We know that two dimensional discrete GFF(2d-DGFF) on a box $V_N=N[0,1]^2\cap\mathbb{Z}$ with Dirichlet boundary condition will converge in distribution to the 2d continuum GFF with Dirichlet boundary condition, in the sense of convergence of the field acting on any suitable test functions. And we know 2d-DGFF can be seen as an analogue of branching random walks, especially 4-ary branching random walks with i.i.d. Gaussian increments.
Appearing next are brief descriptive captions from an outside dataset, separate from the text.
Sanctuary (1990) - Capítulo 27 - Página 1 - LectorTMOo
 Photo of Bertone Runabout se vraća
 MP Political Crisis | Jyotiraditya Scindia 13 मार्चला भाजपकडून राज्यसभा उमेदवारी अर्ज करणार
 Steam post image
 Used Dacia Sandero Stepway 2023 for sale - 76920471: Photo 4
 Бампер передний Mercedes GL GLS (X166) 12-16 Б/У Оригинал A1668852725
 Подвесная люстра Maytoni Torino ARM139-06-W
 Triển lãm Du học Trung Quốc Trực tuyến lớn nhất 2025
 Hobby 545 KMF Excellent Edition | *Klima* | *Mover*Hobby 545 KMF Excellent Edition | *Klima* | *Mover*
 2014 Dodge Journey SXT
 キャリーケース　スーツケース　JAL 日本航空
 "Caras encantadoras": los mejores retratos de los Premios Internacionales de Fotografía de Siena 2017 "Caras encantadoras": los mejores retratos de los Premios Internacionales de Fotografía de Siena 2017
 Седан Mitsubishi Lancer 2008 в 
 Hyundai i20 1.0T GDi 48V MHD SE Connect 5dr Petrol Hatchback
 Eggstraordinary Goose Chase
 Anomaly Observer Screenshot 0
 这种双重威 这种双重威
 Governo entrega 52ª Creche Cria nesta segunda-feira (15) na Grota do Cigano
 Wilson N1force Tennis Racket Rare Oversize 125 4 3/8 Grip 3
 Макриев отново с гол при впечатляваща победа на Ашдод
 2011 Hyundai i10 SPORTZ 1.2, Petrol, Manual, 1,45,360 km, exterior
So we embed the family tree of a 4-ary tree on the interval $[0,1]$, in the following sense. We code the root as 0, and code its each offspring with 0 and add another integer in the order of 0,1,2, and 3: 00,01,02,03. Continue doing this we get a code for the whole family tree. For a tree of depth $n$, we get $4^n$ leaves each labelled by $(n+1)$ integers from $\{0,1,2,3\}$. And we map these nodes to the interval $[0,1]$ in the 4-adic way. For $u=(0,u_1,\cdots,u_n)$ we map it to $\pi(u):=\sum_{i=1}^n \frac{u_i}{4^i}$. Finally, we assign i.i.d. standard Gaussian increments $Y_{e}$ on the edges and let $X_{\pi(u)}=X_u:=\sum_{e\in 0\leftrightarrow u}Y_e$ as the Gaussian branching random walk embedded on $[0,1]$.
Question is: does this field converge in distribution(in the sense against any test functions) to some random generalized function on $[0,1]$ like continuum GFF? I think the answer should be yes, then how to describe it?